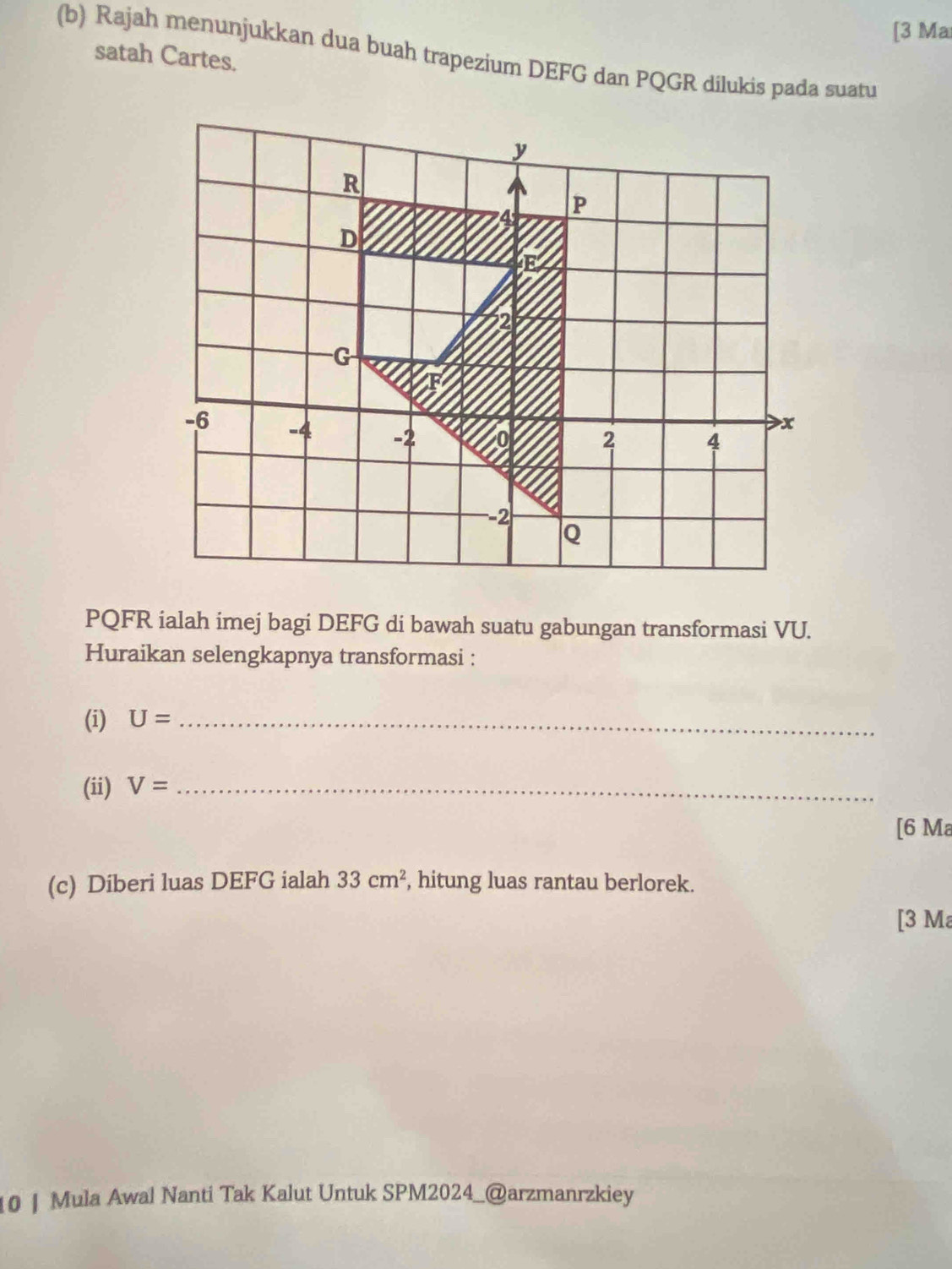 [3 Ma 
(b) Rajah menunjukkan dua buah trapezium DEFG dan PQGR dilukis pada suatu 
satah Cartes.
PQFR ialah imej bagi DEFG di bawah suatu gabungan transformasi VU. 
Huraikan selengkapnya transformasi : 
(i) U= _ 
(ii) V= _ 
[6 Ma 
(c) Diberi luas DEFG ialah 33cm^2 , hitung luas rantau berlorek. 
[3 Ma 
10 | Mula Awal Nanti Tak Kalut Untuk SPM2024_@arzmanrzkiey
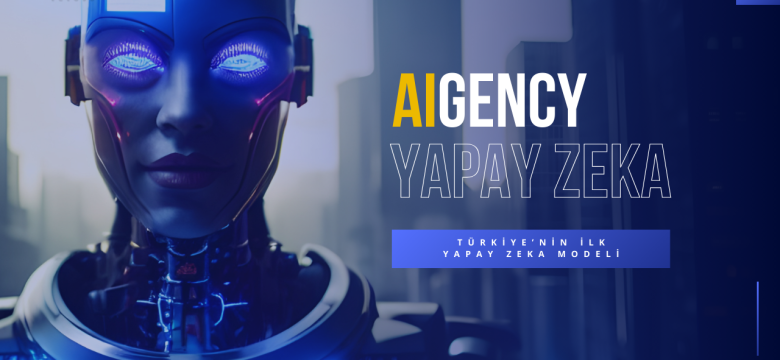 Türkiye’nin İlk Yapay Zeka Modeli: AIGENCY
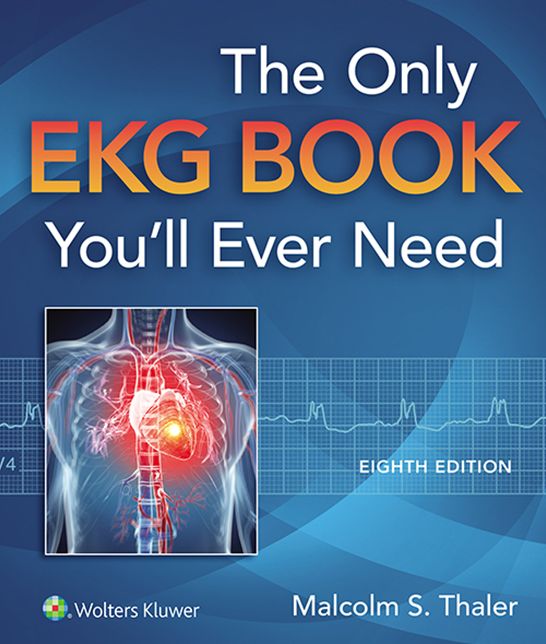 The Only EKG Book You'll Ever Need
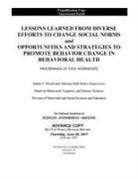 Board On Behavioral Cognitive And Sensor, Board on Behavioral Cognitive and Sensory Sciences, Division Of Behavioral And Social Scienc, Division of Behavioral and Social Sciences and Education, National Academies Of Sciences Engineeri, National Academies of Sciences Engineering and Medicine - Lessons Learned from Diverse Efforts to Change Social Norms and Opportunities and Strategies to Promote Behavior Change in Behavioral Health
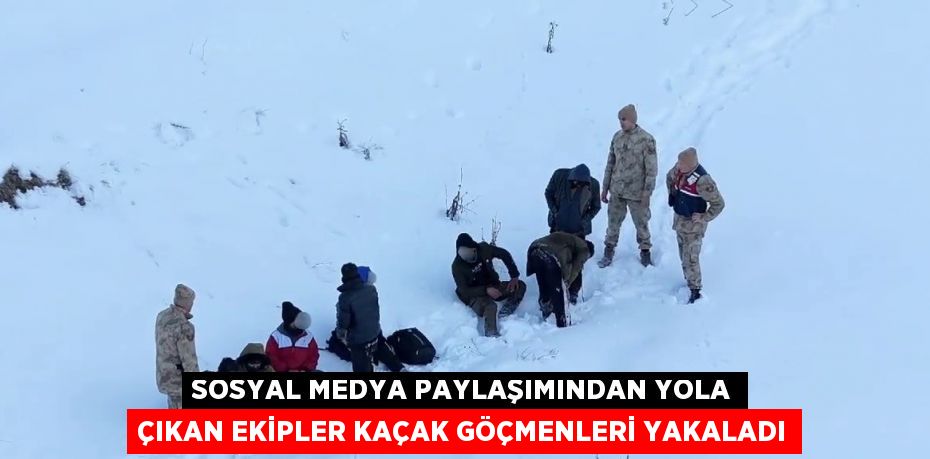 SOSYAL MEDYA PAYLAŞIMINDAN YOLA ÇIKAN EKİPLER KAÇAK GÖÇMENLERİ YAKALADI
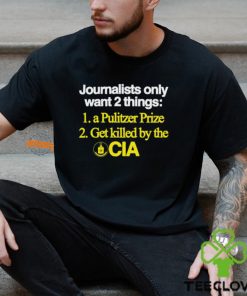 Journalists Only Want 2 Things 1 A Pulitzer Prize 2 Get Killed By The Cia Shirt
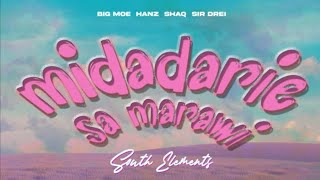 Midadarie sa Marawi by South Elements Big Moe Hanz Shaq Sir Drei [upl. by Rollo622]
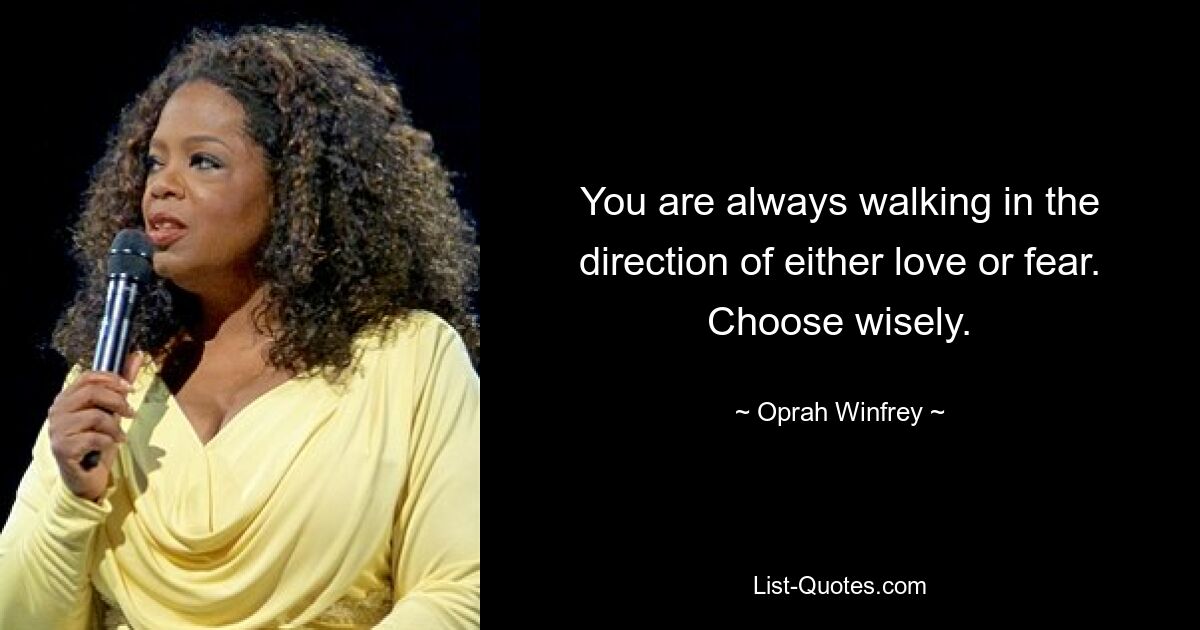 You are always walking in the direction of either love or fear. Choose wisely. — © Oprah Winfrey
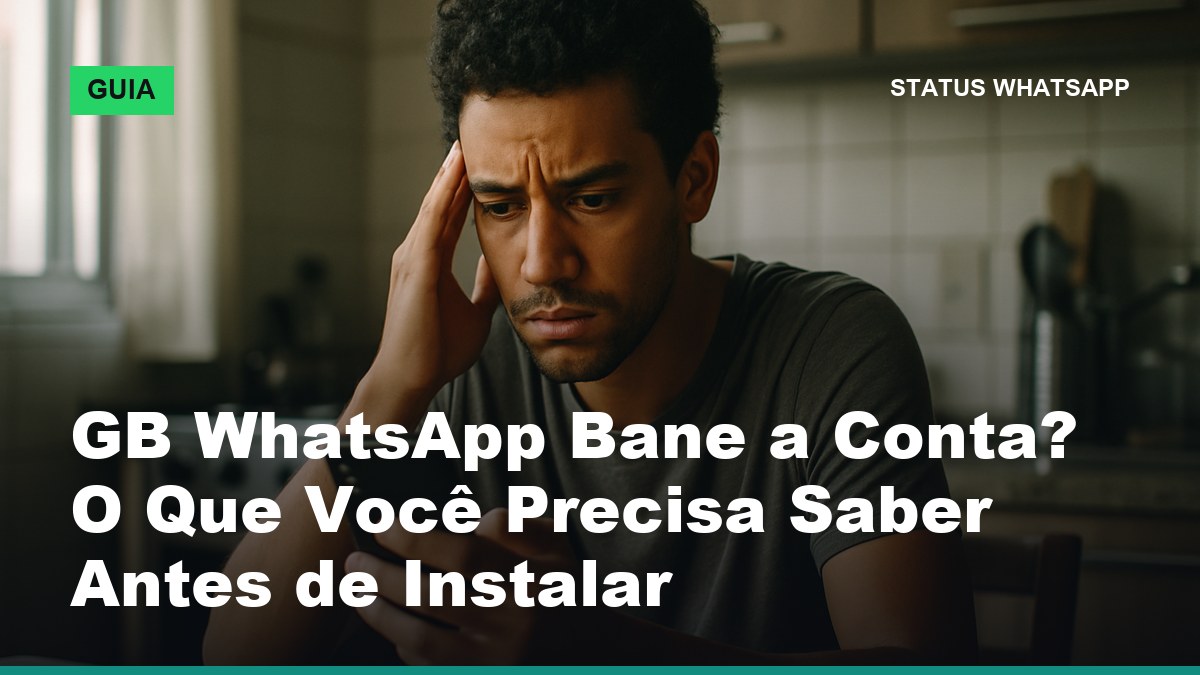 Pessoa preocupada olhando celular com WhatsApp banido após usar GB WhatsApp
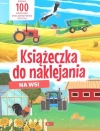 Książeczka do naklejania. Na wsi - zdjęcie
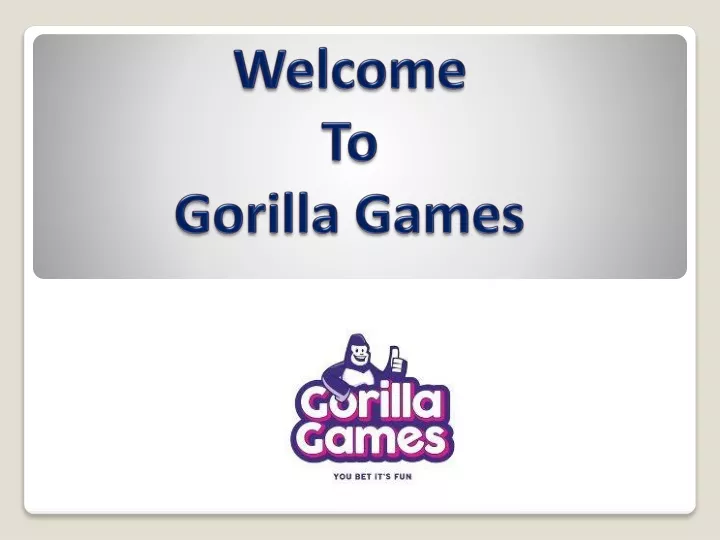 welcome to gorilla games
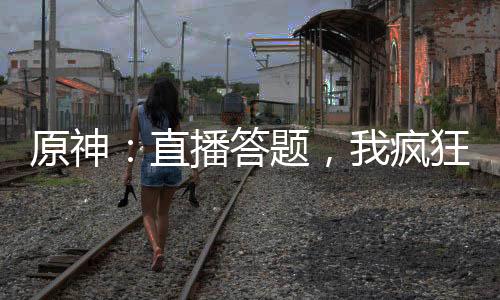 原神：直播答題，我瘋狂搶答成神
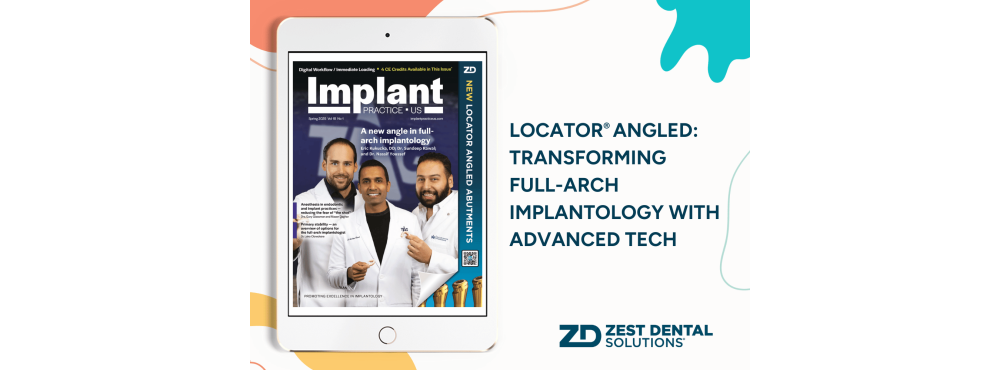Advancing Full-Arch Implantology: A Closer Look at the Impact of LOCATOR Angled Abutments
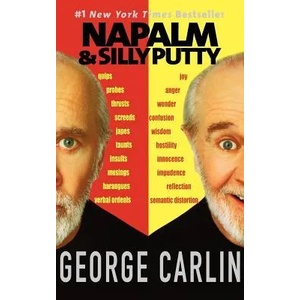 Napalm and Silly Putty | George Carlin (2001)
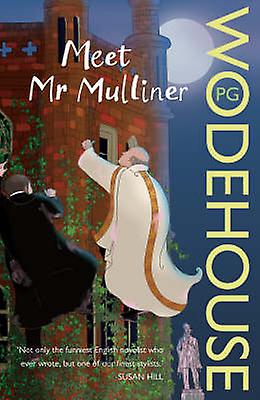 Meet Mr Mulliner by P.G. Wodehouse Paperback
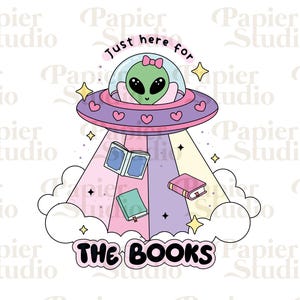 May include: A cartoon illustration of a green alien in a flying saucer with pink hearts and the text "Just here for the books".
+ + + + + + +
▶ Description of the task: Text only, no pictures: please print exactly the lines above from the line with "You are always" up to and including the line with "原神：直播答題，我瘋狂搶答成神", and nothing else.

▶ Output below:
 You are always walking in the direction of either love or fear. Choose wisely. — © Oprah Winfrey
 Pessoa preocupada olhando celular com WhatsApp banido após usar GB WhatsApp
 Książeczka do naklejania. Na wsi - zdjęcie
 welcome to gorilla games
 原神：直播答題，我瘋狂搶答成神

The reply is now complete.